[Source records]
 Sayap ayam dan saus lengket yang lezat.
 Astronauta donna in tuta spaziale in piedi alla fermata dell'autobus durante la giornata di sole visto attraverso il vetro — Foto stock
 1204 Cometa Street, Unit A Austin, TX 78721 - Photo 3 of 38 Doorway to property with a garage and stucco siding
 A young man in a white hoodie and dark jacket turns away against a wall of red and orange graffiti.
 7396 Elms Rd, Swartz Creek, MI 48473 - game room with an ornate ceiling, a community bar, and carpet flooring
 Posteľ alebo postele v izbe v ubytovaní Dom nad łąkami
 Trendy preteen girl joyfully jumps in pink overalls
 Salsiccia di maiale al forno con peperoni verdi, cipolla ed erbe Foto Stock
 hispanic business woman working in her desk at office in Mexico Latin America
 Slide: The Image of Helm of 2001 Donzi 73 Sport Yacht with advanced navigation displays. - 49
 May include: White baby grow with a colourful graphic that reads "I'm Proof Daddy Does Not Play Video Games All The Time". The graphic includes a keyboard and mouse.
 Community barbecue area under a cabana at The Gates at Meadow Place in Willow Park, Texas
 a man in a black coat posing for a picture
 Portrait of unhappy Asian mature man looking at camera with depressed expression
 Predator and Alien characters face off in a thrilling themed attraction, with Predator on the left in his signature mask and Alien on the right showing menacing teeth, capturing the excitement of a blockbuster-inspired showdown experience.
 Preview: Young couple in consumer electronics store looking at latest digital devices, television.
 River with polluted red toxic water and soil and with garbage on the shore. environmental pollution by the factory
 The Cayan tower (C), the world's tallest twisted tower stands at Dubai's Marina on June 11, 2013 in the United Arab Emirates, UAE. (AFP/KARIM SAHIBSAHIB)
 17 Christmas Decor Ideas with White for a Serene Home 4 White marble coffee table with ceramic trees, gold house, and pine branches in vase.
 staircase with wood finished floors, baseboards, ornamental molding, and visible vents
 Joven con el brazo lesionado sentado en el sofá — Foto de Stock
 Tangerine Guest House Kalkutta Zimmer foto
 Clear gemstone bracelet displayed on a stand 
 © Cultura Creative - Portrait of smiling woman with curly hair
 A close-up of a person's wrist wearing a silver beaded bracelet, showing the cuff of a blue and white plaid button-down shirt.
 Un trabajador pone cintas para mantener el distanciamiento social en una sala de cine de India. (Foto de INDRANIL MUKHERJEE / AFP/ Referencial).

*REQUIRED WORK*.
Which lines of the records above contain the word "bracelet"? Copy each of them.

*ANSWER TO THIS PROBLEM*.
 Clear gemstone bracelet displayed on a stand 
 A close-up of a person's wrist wearing a silver beaded bracelet, showing the cuff of a blue and white plaid button-down shirt.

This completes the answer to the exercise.